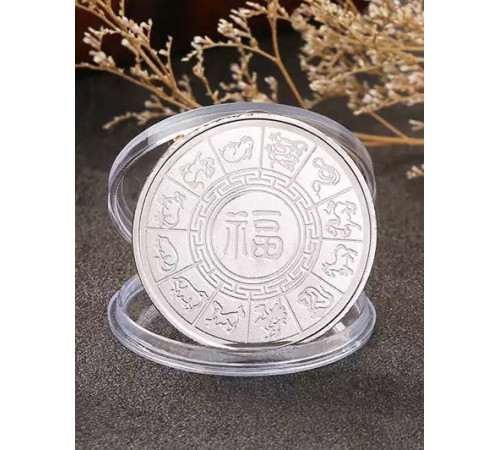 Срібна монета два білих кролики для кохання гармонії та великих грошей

...

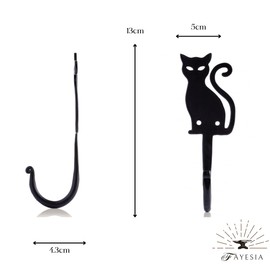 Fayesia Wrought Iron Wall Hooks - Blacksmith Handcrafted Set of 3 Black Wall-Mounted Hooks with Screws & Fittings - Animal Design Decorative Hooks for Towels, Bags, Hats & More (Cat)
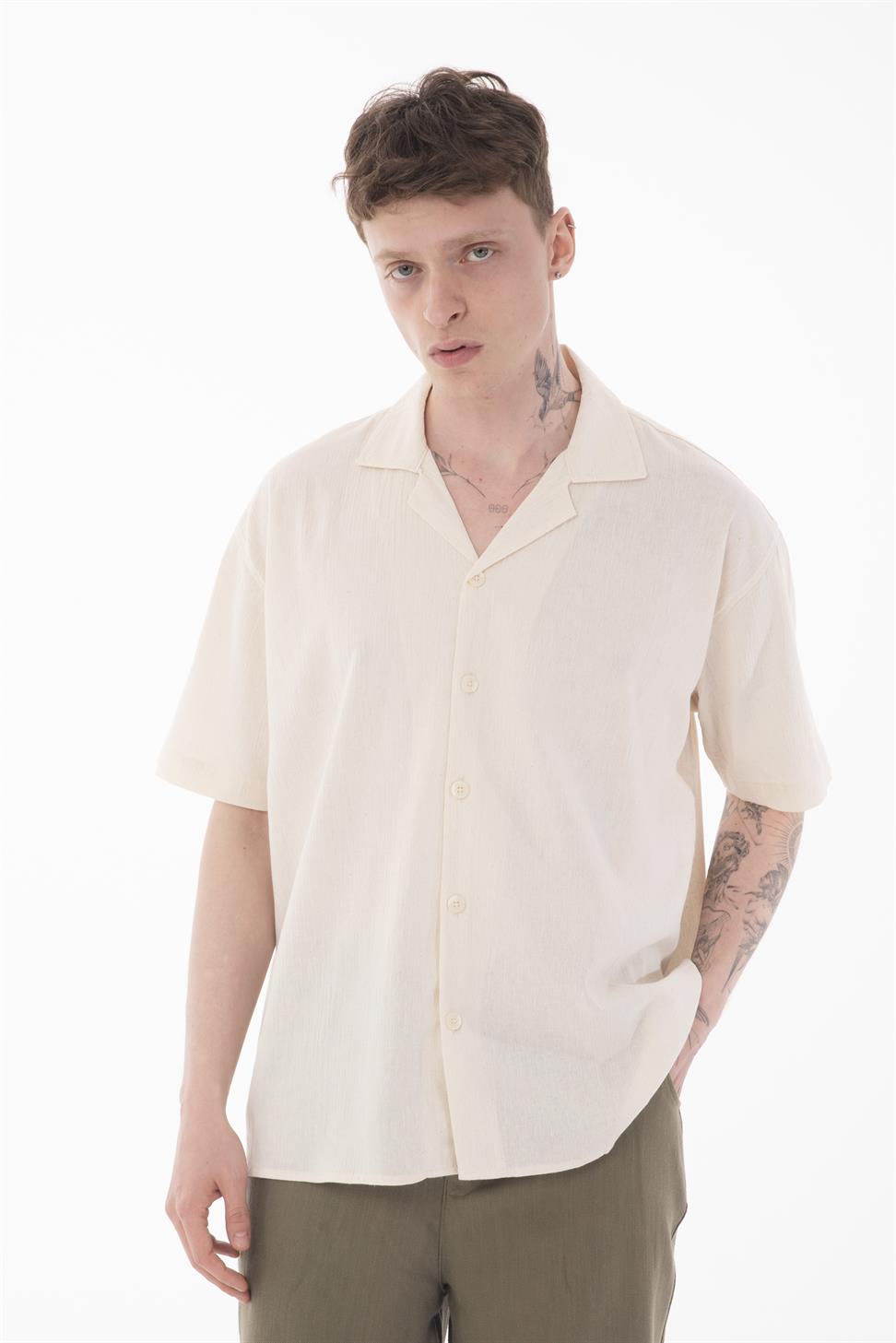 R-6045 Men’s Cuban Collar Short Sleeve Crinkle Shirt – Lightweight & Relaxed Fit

* * *

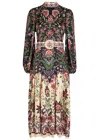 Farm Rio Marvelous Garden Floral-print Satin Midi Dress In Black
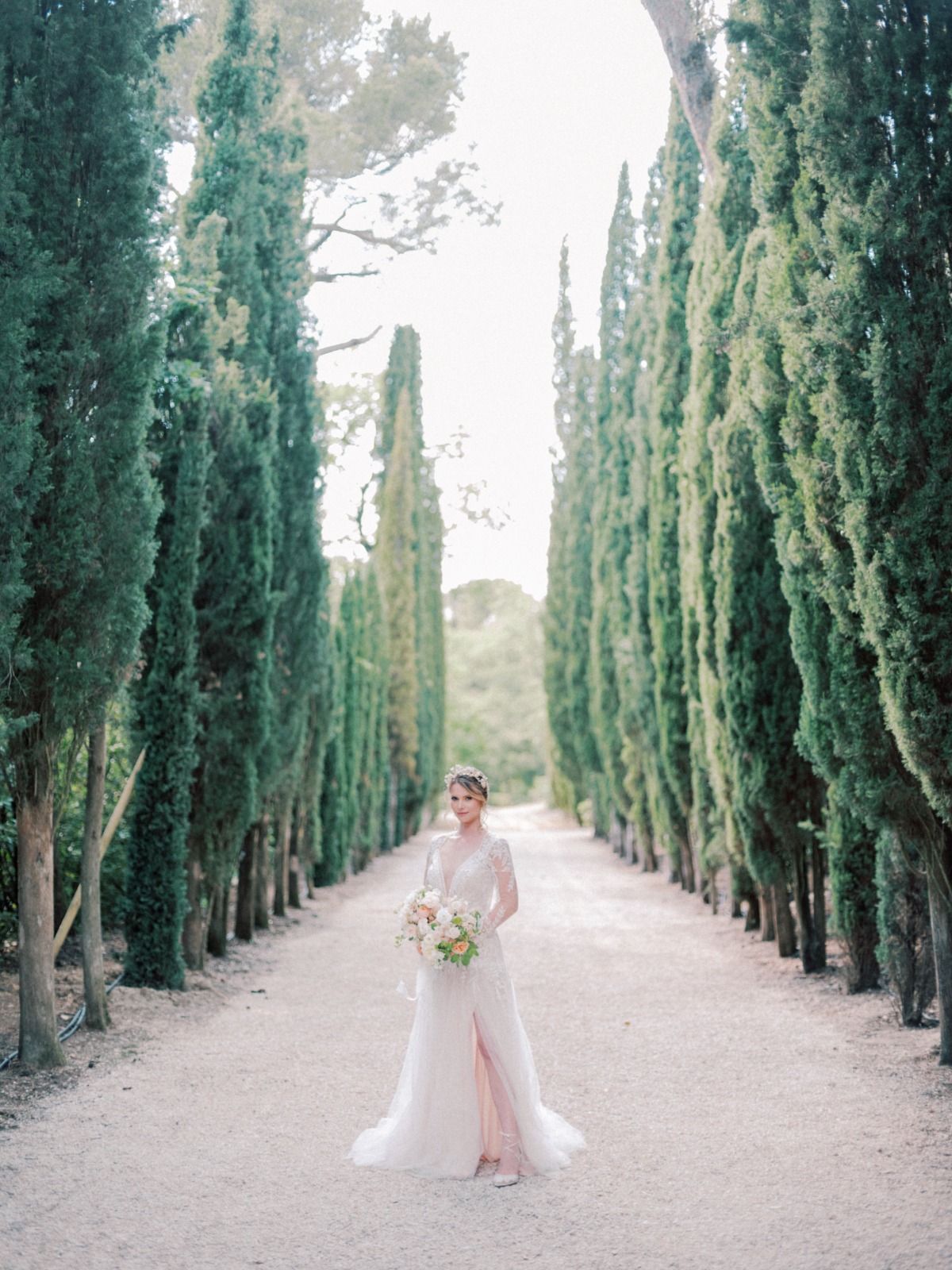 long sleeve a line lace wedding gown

TASK INSTRUCTIONS
Would you transcribe the lines above exactly, going from the line bearing "Farm Rio Marvelous" through the line bearing "long sleeve a line lace wedding gown", and drop the pictures from the copy?

EXPECTED OUTPUT
 Farm Rio Marvelous Garden Floral-print Satin Midi Dress In Black
 long sleeve a line lace wedding gown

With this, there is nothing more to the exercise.